What you will do:
Beneath this line is the data. Output exactly the lines from the line with "Celine Trio Cr" to the line with "cartoon bunsen burner", both ends included, and nothing more.

Brief descriptive captions
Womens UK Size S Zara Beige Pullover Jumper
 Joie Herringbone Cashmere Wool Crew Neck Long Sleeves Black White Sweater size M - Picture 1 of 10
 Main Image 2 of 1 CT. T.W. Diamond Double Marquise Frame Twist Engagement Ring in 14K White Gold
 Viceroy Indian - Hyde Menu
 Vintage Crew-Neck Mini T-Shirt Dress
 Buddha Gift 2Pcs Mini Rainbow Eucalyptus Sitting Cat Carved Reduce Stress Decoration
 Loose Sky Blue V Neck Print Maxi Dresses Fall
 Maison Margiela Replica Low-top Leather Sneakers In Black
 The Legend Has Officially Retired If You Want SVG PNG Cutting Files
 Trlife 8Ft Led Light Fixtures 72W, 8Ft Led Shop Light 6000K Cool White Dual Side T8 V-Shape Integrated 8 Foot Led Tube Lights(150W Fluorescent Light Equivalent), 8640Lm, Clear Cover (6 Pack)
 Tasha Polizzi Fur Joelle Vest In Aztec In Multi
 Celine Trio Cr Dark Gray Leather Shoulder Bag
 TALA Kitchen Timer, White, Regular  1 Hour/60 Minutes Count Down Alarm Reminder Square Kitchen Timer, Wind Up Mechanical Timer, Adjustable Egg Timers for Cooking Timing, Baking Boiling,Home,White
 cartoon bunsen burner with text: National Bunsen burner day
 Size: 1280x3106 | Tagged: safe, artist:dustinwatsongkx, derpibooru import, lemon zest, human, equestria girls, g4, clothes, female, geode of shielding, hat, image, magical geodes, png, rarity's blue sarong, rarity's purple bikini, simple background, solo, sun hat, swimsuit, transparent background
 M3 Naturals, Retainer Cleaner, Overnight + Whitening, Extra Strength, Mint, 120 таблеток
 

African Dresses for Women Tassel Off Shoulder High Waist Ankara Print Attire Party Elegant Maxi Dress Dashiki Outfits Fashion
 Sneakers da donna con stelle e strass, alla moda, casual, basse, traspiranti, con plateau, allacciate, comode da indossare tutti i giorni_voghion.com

Answer:
 Celine Trio Cr Dark Gray Leather Shoulder Bag
 TALA Kitchen Timer, White, Regular  1 Hour/60 Minutes Count Down Alarm Reminder Square Kitchen Timer, Wind Up Mechanical Timer, Adjustable Egg Timers for Cooking Timing, Baking Boiling,Home,White
 cartoon bunsen burner with text: National Bunsen burner day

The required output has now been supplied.